The RUP is "use-case driven, architecture-centric, and incremental and iterative". Each iteration is part of four overall 'phases': Inception, Elaboration, Construction, and Transition. Iterations occur in each phase. Activities in iterations are focused on one of the four activities: gathering requirements, analyzing, designing, implementing, and testing. Each of these activities place a more or less important role as the project moves from phase to phase. As Craig Larman points out, RUP is not the dreaded 'waterfall' approach. It's the mis-application of its myriad of optional workflows and documents that tend to promote that illusion. Here are some personal observations about how it works in practice. RUP practitioners are:
- document-centric - they labor to produce detailed documents whose prescribed purpose is the necessary outcome of many of the activities in the overall process
- perfectionists - since they move only once from phase to phase, it is imperative that the artifacts (code, documents, etc) they produce be perfect.
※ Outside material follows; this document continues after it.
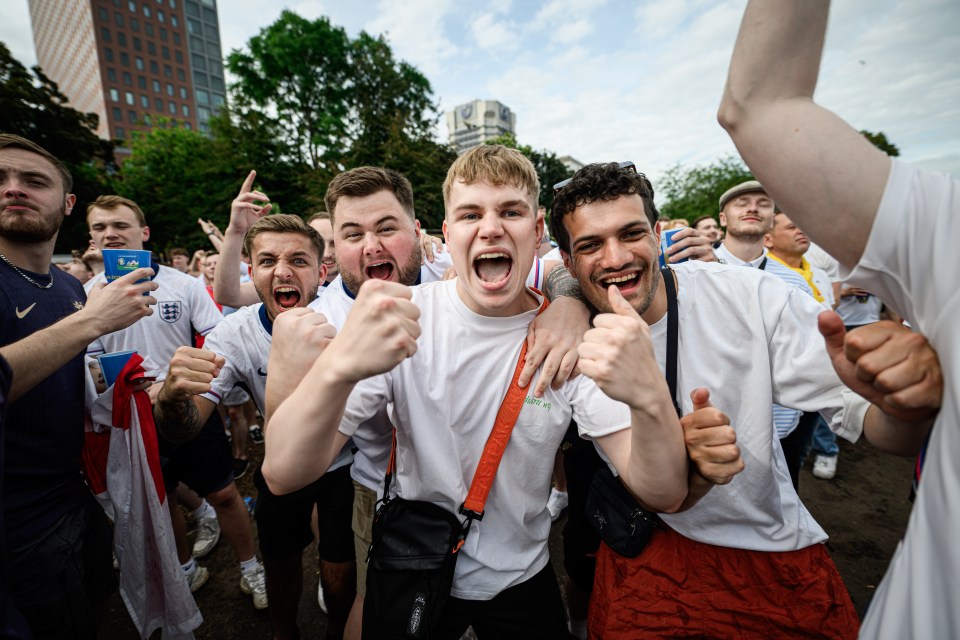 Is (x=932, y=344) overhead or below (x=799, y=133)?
below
In theory, iterating within the phase should allow for mistakes and trend towards more and more perfect artifacts.
- cautious - RUP practitioners cannot afford to design or implement a mistake because it will destroy the integrity of the overall plan that was established during or even before the first phase.
- independant - some might unjustly say "isolationist". The truth is, they trust the RUP process 'framework' within which they expect the right information to be available in order to get their specific job done. Well defined interfaces between all the components, allow each person to work in relative isolation and then later plugin their individual pieces.
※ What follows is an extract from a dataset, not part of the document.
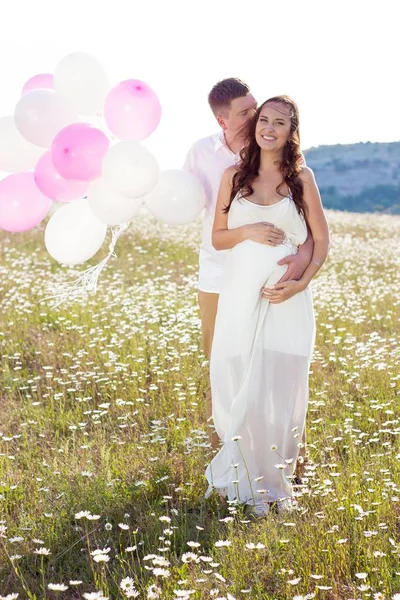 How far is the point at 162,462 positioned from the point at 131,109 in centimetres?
221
Agile development is more of ethic than a process (the founders refer to it as a "manifesto"). To get a feel for what a completely "Agile" process might look like, take a look at Xtreme Programming (XP). In essence, to be agile in software development is to quickly and appropriately react to new information in the development cycle in a way that best satisfies the customer. To best make this happen, Agile practitioners are:
- customer focused - they insist on having the customer highly involved in each aspect of what is being produced. The customer's regular feedback is immediately incorporated into the development effort, even it if means significantly changing what had already been produced thus far.
- real - they don't try to make guesses and purposeful keep the scope of their efforts small. They explore often to get the information necessary to continually make small steps forward.
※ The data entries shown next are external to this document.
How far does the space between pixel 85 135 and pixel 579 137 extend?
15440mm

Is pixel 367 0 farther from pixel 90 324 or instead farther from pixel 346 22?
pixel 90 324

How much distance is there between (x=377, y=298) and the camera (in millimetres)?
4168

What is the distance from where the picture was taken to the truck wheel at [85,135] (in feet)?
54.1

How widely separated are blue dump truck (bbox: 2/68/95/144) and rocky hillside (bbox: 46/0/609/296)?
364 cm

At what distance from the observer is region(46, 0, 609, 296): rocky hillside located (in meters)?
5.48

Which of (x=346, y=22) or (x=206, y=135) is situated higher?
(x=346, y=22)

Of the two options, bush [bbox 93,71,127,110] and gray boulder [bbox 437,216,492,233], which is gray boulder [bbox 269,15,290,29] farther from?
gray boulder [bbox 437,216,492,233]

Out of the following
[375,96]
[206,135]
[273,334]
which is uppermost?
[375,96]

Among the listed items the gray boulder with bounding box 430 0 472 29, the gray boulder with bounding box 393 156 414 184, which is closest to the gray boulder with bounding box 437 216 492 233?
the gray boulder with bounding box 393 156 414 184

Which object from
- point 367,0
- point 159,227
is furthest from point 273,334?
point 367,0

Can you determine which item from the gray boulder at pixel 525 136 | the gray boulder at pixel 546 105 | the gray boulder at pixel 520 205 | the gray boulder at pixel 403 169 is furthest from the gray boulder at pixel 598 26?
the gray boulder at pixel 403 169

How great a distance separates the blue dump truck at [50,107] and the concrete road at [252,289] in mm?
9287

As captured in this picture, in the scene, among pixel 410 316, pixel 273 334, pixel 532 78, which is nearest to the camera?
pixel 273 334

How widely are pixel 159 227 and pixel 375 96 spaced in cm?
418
- intuitive - they rely on experience to guide them through the process and try to minimize activities that 'just don't make sense' for the task at hand. If a comprehensive design specification doesn't get the job done, then they don't attempt it
- communicators - they try to 'peer program' as much as possible. They try to convene strategic and tactical thinking in the same activity by having someone 'drive' while their peer 'navigates'.
The "independant" and "communicator" characteristics in each of the previous lists are the ones most worth focusing on in order to achieve resonance. Part three will consider RUP and Agile practices' techniques for dealing with independance and the basic communication issue, the very heart of resonant practice. Most importantly, we will consider exactly what this means for geographically disperse teams. Stay tuned!
I like the Agile practices for clients who "think they know exactly what they want" but in fact have no idea, but how is it possible to do an agile project on a firm fixed price development contract?
Posted by: Craig Pfeifer | February 16, 2005 at 08:59 AM
Whether more 'heavy' or 'agile', resonant practice clearly communicates as much about the end goal as is necessary. This highest-level sketch is essential. Sometimes, it may include only a few use cases. To the extent estimates are based on this (and priced accordingly), there is no conflict. However, as you say, the customer often thinks more can be defined in advance than is truly possible. Options include:
1 - defining the customer documents (their format, etc) yourself
2 - prototyping ahead of estimates. This may involve getting more advance notice when the RFP goes down.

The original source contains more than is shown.